Ein solidarischer Shutdown richtet sich auch gegen den autoritären Staat

Von Daniel Loick

Menschenmenge in London beim Social Distancong, ohne Abstand und Masken
Eher selten von polizeilichen Kontrollen und Maßnahmen betroffen: Menschen, die überwiegend der weißen Mehrheitsgesellschaft angehören. Foto: Garry Knight / Flickr, CC BY 2.0

Im Jahr 2020 kam eine durch die Corona-Pandemie beschleunigte Care-Krise mit einer Krise des Polizeiapparates zusammen. Eine emanzipatorische Alternative zum Status Quo kann nur aus einem Zusammendenken der durch diese beiden Krisen verstärkten Protestbewegungen entstehen. Wie lässt sich aber die Pandemie bekämpfen, ohne selbst auf autoritäre Maßnahmen zurückzugreifen?

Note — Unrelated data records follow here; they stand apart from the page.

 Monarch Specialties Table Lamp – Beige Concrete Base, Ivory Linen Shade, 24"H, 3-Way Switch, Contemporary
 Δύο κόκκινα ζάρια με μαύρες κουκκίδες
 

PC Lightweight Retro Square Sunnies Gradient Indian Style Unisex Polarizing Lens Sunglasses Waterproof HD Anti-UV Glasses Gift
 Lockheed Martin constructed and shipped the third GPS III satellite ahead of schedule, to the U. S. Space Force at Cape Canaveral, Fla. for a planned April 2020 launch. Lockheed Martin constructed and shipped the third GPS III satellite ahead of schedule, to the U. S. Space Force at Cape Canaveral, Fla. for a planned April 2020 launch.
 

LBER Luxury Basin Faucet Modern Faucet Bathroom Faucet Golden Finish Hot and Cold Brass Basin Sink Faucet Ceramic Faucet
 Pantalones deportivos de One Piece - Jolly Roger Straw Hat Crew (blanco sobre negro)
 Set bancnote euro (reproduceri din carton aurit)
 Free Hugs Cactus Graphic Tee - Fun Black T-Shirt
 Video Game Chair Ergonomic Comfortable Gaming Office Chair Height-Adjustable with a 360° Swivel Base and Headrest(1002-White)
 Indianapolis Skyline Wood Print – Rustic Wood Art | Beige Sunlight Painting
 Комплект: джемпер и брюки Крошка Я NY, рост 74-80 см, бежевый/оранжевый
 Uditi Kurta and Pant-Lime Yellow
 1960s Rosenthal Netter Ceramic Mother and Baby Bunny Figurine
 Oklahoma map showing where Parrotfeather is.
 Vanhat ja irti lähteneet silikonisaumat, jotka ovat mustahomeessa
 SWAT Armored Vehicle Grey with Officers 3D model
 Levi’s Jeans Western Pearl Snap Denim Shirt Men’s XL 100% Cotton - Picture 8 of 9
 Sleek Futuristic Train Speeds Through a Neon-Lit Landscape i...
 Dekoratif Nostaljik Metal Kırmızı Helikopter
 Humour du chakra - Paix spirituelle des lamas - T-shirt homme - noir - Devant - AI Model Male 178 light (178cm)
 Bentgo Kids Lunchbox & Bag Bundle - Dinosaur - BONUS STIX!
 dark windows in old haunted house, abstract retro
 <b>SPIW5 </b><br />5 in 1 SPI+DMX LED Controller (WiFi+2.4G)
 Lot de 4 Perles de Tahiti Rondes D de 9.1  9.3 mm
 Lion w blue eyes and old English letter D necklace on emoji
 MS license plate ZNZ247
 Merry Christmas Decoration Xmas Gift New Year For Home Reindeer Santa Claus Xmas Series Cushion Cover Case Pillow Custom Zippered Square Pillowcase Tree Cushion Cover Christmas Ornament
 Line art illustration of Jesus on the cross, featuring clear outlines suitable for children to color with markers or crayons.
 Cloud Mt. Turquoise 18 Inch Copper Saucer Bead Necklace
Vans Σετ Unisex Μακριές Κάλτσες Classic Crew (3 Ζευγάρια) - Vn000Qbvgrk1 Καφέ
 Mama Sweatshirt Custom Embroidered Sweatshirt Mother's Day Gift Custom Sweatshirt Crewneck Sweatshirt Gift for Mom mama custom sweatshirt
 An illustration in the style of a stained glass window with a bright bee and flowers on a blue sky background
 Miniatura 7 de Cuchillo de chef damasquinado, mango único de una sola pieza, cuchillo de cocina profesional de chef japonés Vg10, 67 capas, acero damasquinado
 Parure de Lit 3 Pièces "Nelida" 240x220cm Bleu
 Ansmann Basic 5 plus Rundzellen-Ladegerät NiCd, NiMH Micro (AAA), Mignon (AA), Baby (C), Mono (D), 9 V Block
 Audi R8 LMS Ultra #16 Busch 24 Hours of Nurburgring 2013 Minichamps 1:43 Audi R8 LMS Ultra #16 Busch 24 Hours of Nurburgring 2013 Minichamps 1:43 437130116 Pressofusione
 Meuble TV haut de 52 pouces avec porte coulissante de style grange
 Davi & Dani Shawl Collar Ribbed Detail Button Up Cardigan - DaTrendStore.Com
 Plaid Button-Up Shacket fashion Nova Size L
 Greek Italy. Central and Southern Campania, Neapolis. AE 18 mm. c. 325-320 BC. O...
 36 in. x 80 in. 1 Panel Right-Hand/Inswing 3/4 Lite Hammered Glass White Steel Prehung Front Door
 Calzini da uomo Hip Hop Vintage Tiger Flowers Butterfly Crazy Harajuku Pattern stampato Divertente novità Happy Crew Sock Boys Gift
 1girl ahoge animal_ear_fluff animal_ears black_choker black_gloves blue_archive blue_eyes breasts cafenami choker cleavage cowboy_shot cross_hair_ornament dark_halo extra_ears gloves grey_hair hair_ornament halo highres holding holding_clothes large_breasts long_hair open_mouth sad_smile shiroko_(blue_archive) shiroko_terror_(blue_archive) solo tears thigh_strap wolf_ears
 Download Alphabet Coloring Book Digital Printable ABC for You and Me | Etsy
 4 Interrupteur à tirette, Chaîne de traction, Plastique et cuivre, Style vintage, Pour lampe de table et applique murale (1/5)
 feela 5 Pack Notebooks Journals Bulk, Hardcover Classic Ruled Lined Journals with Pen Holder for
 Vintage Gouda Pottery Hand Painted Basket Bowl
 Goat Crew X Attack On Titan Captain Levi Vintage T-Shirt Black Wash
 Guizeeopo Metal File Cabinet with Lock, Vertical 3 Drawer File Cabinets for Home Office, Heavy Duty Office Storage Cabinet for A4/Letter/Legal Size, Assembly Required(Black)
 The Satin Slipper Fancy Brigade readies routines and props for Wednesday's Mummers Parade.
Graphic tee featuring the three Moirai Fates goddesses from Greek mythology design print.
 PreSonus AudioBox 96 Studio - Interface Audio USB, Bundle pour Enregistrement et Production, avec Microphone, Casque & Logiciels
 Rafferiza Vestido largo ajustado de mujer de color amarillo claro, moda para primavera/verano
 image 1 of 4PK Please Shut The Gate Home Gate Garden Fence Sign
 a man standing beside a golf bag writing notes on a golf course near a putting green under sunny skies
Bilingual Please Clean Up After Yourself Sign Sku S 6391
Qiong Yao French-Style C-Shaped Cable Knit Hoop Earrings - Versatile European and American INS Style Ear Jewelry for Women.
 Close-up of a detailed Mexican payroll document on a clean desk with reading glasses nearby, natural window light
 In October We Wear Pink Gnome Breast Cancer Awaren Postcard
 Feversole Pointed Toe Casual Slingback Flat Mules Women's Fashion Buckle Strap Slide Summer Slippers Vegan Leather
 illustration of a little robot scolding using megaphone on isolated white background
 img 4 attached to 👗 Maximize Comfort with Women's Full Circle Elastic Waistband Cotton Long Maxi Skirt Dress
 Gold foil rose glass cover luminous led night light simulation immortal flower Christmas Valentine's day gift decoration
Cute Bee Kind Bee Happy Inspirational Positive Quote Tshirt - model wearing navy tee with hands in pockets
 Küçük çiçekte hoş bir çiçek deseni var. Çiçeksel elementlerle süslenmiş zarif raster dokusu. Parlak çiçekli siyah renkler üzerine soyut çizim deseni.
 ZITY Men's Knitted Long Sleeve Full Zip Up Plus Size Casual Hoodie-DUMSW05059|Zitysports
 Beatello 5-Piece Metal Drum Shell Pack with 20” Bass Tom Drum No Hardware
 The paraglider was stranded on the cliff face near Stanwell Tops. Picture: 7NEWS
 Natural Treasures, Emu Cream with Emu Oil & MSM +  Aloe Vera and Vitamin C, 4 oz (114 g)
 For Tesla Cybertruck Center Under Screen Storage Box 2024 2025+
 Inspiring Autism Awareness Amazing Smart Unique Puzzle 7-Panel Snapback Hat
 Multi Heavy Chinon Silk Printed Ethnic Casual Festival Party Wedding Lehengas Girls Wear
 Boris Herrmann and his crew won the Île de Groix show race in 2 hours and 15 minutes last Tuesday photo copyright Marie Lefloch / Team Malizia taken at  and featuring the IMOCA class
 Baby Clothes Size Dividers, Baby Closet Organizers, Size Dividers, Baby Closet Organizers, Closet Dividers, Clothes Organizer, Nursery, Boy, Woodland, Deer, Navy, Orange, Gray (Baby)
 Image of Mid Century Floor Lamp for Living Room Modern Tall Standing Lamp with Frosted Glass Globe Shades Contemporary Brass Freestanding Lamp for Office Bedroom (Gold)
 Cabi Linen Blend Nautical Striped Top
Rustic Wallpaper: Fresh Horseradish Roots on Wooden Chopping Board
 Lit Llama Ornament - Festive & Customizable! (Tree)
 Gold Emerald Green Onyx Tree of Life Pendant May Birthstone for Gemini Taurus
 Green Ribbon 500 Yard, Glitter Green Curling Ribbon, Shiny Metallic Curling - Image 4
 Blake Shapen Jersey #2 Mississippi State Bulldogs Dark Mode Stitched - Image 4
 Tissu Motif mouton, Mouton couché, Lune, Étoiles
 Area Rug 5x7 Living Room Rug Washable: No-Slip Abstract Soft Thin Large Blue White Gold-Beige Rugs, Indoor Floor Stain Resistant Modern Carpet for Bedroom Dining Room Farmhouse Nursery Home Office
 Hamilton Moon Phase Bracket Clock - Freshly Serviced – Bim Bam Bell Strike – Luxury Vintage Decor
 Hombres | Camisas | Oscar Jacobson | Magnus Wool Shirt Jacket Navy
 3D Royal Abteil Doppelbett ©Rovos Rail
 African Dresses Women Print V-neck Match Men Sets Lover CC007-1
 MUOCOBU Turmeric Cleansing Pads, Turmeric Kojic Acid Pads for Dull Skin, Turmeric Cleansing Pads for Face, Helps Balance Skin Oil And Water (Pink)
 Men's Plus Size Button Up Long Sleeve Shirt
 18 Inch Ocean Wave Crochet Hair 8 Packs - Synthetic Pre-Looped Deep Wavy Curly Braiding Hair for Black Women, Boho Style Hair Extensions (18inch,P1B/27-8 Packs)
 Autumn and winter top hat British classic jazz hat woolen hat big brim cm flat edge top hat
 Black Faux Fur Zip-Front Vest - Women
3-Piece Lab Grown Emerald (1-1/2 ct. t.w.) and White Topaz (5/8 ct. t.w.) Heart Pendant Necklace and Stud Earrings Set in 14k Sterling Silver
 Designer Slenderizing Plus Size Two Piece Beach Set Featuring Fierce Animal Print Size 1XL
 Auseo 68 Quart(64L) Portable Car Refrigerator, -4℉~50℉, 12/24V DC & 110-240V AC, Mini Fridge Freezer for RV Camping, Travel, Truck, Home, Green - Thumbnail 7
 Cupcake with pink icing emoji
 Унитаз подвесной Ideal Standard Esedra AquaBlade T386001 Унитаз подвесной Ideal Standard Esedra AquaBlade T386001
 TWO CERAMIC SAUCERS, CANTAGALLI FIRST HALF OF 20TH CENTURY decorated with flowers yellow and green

So viel ist bekannt: Sowohl bei den Ansteckungen als auch bei schweren Krankheitsverläufen und Todesfällen sind Mitglieder marginalisierter Gruppen überproportional häufig vertreten. Sie leben allgemein unter gesundheitsschädlicheren Bedingungen, haben schlechtere Möglichkeiten, sich zu isolieren, einen schlechteren Zugang zu Gesundheitsversorgung und sind zudem häufig institutioneller Diskriminierung im medizinischen Bereich ausgesetzt. Diese Menschen arbeiten häufig in Jobs, die einerseits als »systemrelevant« anerkannt werden, die sie aber kontinuierlich der Gefahr einer Erkrankung aussetzen. Im Extremfall stellt der Staat auch gezielt Bedingungen her, die für einige Menschen die Vermeidung einer Ansteckung nahezu unmöglich machen: Die Internierungen in Gefängnissen und Lagern ist unter den gegebenen Umständen gleichbedeutend damit, das Leben bestimmter Bevölkerungsgruppen für entbehrlich zu erklären. 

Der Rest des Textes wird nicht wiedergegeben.